● **Problem to work on**
Transcribe the listing below only from the line with "Themis lança campanha" up to and including the line with "Vendo cama de".

● **Supplied information**
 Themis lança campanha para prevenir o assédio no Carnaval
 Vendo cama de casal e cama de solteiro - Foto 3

==

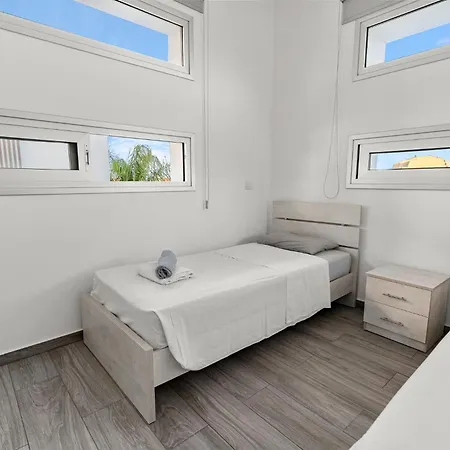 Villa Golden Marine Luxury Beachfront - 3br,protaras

● **Solution to this problem**
 Themis lança campanha para prevenir o assédio no Carnaval
 Vendo cama de casal e cama de solteiro - Foto 3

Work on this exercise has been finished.